TASK STATEMENT: From the material below, retype exactly the lines that begin at the line with "Golden Designs Maxxus" and end after the line with "Vintage 1970's Color"; pictures stay out of the copy.
--- RECORDS FOR PROCESSING Enclosed Below ---
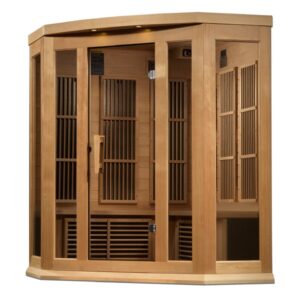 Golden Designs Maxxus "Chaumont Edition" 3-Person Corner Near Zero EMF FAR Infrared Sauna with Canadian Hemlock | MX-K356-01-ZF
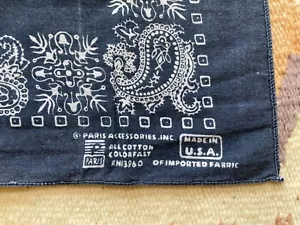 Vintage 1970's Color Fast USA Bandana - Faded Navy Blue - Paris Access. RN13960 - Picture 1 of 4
--- End of Enclosed RECORDS FOR PROCESSING ---
--- RECORDS FOR PROCESSING Enclosed Below ---
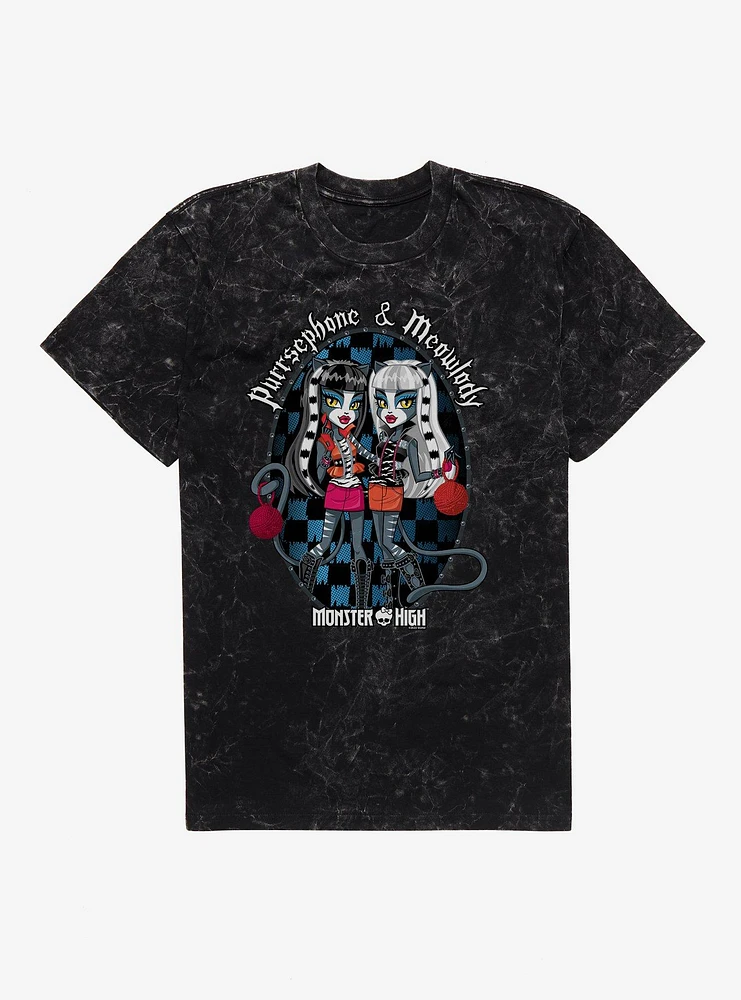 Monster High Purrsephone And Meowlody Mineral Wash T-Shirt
--- End of Enclosed RECORDS FOR PROCESSING ---
--- RECORDS FOR PROCESSING Enclosed Below ---
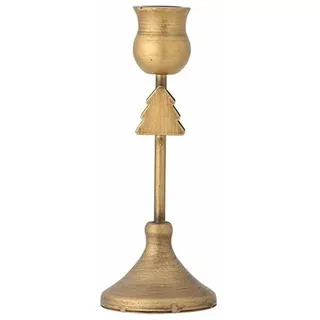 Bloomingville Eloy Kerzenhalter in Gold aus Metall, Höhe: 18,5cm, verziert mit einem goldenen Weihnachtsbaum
--- End of Enclosed RECORDS FOR PROCESSING ---
ANSWER BOX:
 Golden Designs Maxxus "Chaumont Edition" 3-Person Corner Near Zero EMF FAR Infrared Sauna with Canadian Hemlock | MX-K356-01-ZF
 Vintage 1970's Color Fast USA Bandana - Faded Navy Blue - Paris Access. RN13960 - Picture 1 of 4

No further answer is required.